• [WHAT THE TASK ASKS]
Copy each line of the data below exactly, leaving out pictures.
..............................
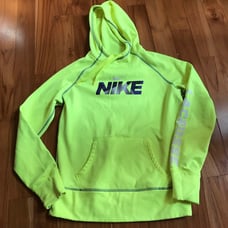 Nike hoodie Lacrosse Neon yellow sweatshirt Size Medium woman’s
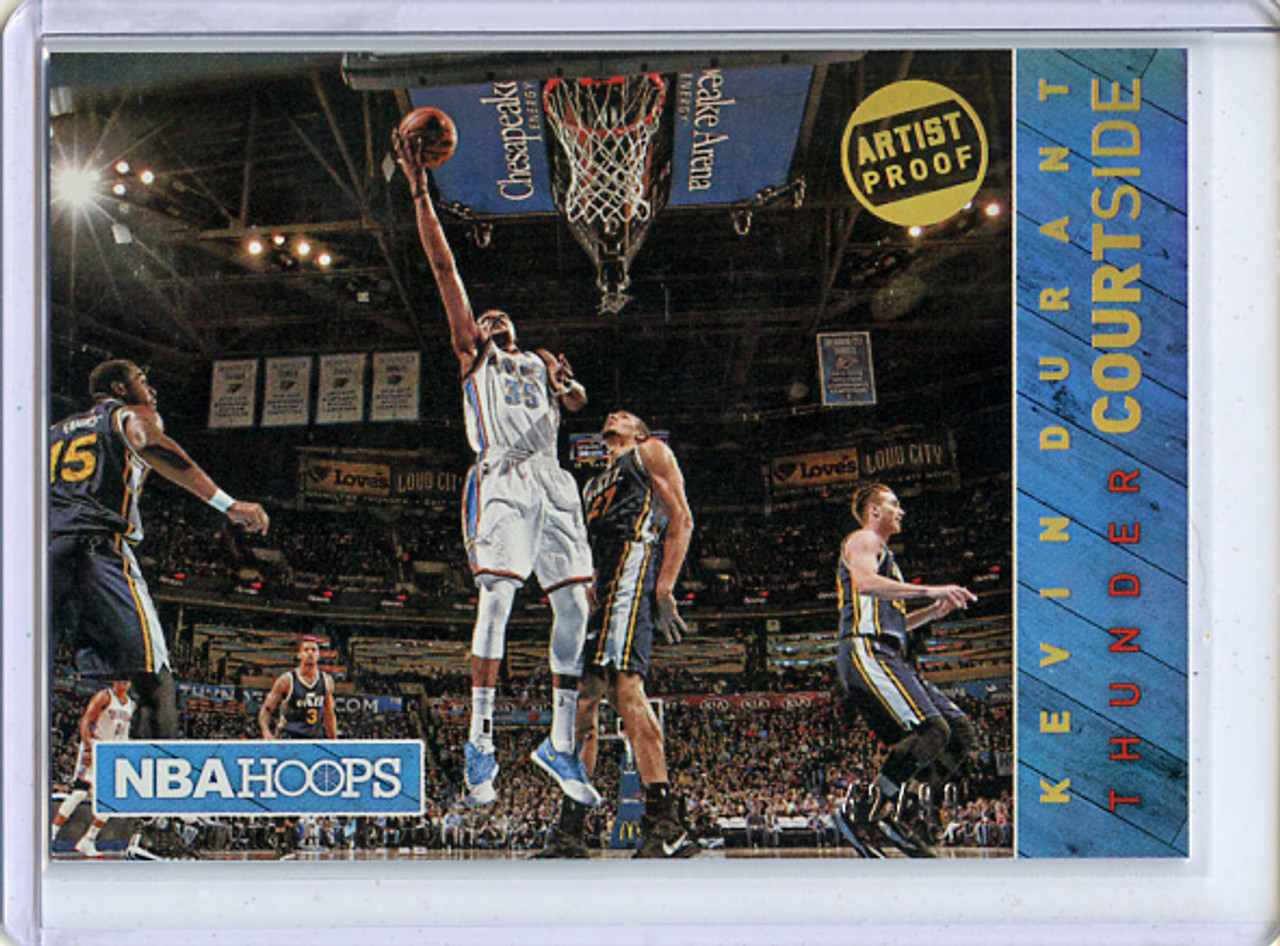 Kevin Durant 2015-16 Hoops, Courtside #1 Holo Artist Proof (#42/99)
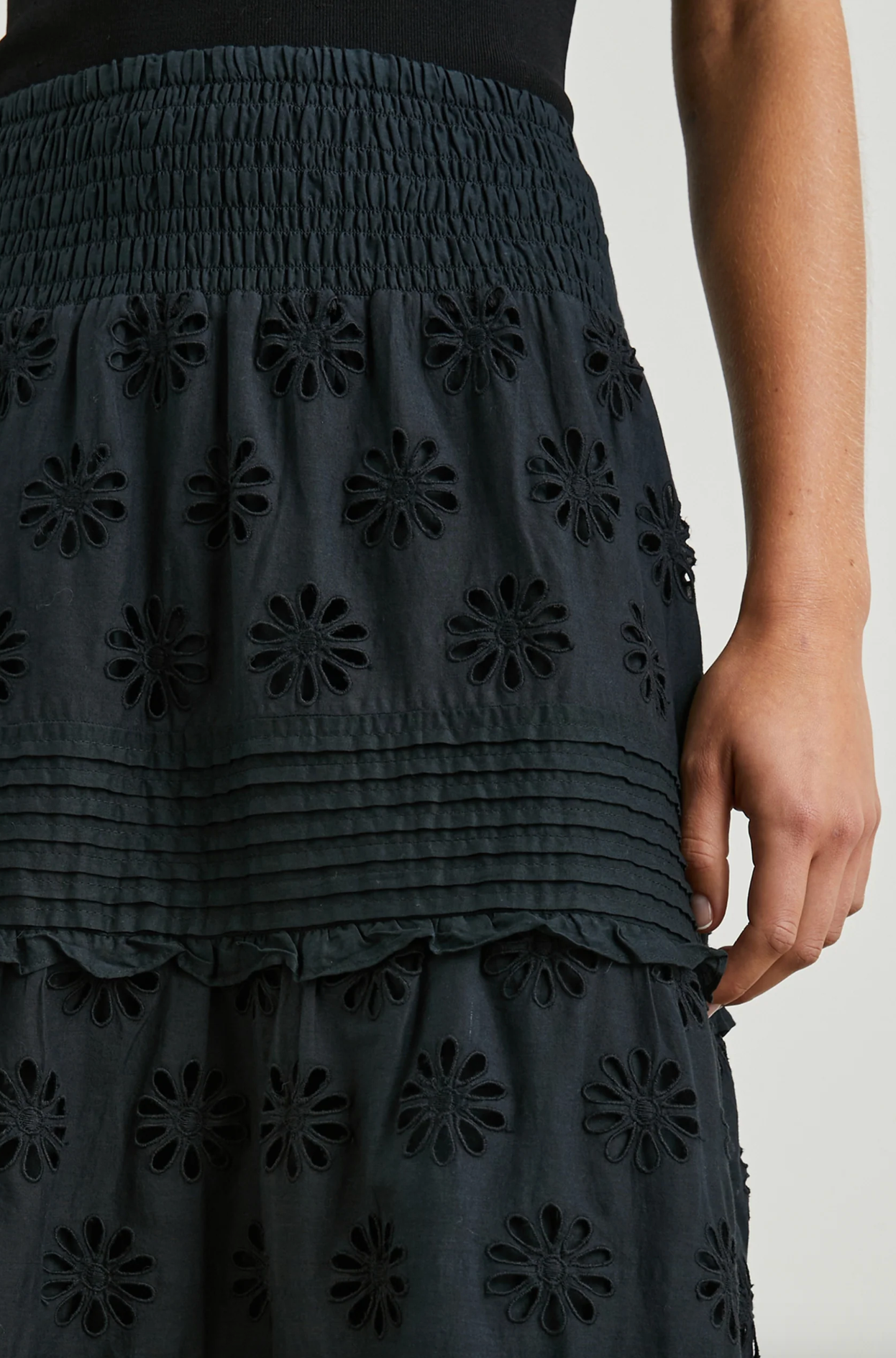 Gail's Rails Tatel Rails Gail Skirt - black | Garmentory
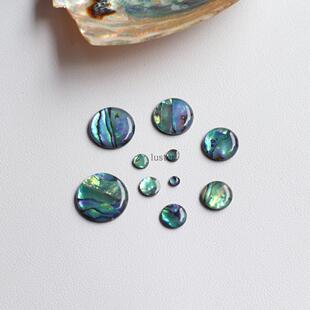 4-20mm圆戒面鲍鱼纸贴亚克力板贴片手工DIY发簪头饰戒指饰品配件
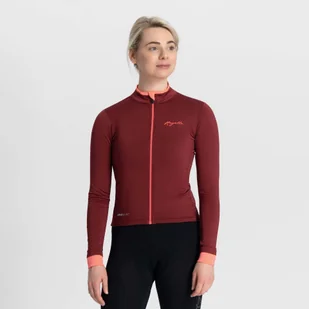 Koszulka rowerowa damska Rogelli ESSENTIAL z długim rękawem, ocieplana - Bluzy na rower - miniaturka - grafika 1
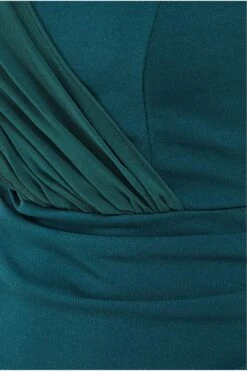 Goddiva One Shoulder Front Split Maxi Dress - Emerald Green -Yumi Clothing Shop x1wgw8JV 13212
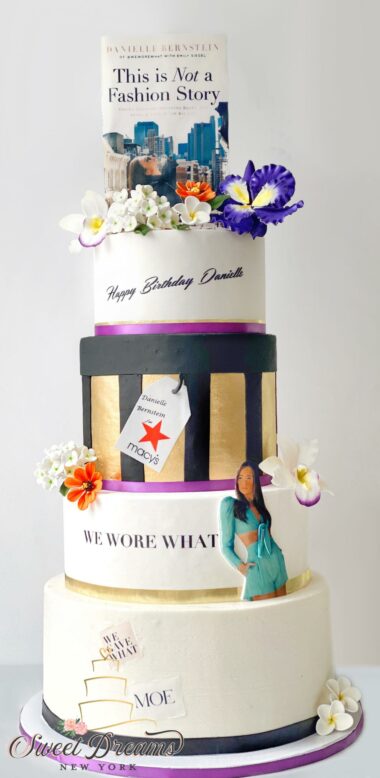 We Wore What Danielle Bernstein Birthday Cake By Sweet Dreams NY Custom Cakes This is not a fashion story book custom cake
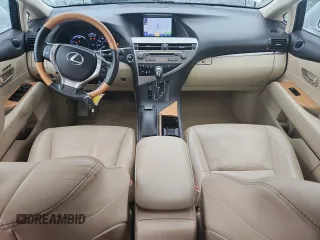 2014 Lexus RX 450h with VIN JTJBC1BA7E2458042, listed as a Copart auction lot 61008905 with 119,368 mi miles and Salvage title. Bid and sale history available at DreamBid. Image 8.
..............................
• [EXERCISE OUTPUT]
 Nike hoodie Lacrosse Neon yellow sweatshirt Size Medium woman’s
 Kevin Durant 2015-16 Hoops, Courtside #1 Holo Artist Proof (#42/99)
 Gail's Rails Tatel Rails Gail Skirt - black | Garmentory
 4-20mm圆戒面鲍鱼纸贴亚克力板贴片手工DIY发簪头饰戒指饰品配件
 Koszulka rowerowa damska Rogelli ESSENTIAL z długim rękawem, ocieplana - Bluzy na rower - miniaturka - grafika 1
 Goddiva One Shoulder Front Split Maxi Dress - Emerald Green -Yumi Clothing Shop x1wgw8JV 13212
 We Wore What Danielle Bernstein Birthday Cake By Sweet Dreams NY Custom Cakes This is not a fashion story book custom cake
 2014 Lexus RX 450h with VIN JTJBC1BA7E2458042, listed as a Copart auction lot 61008905 with 119,368 mi miles and Salvage title. Bid and sale history available at DreamBid. Image 8.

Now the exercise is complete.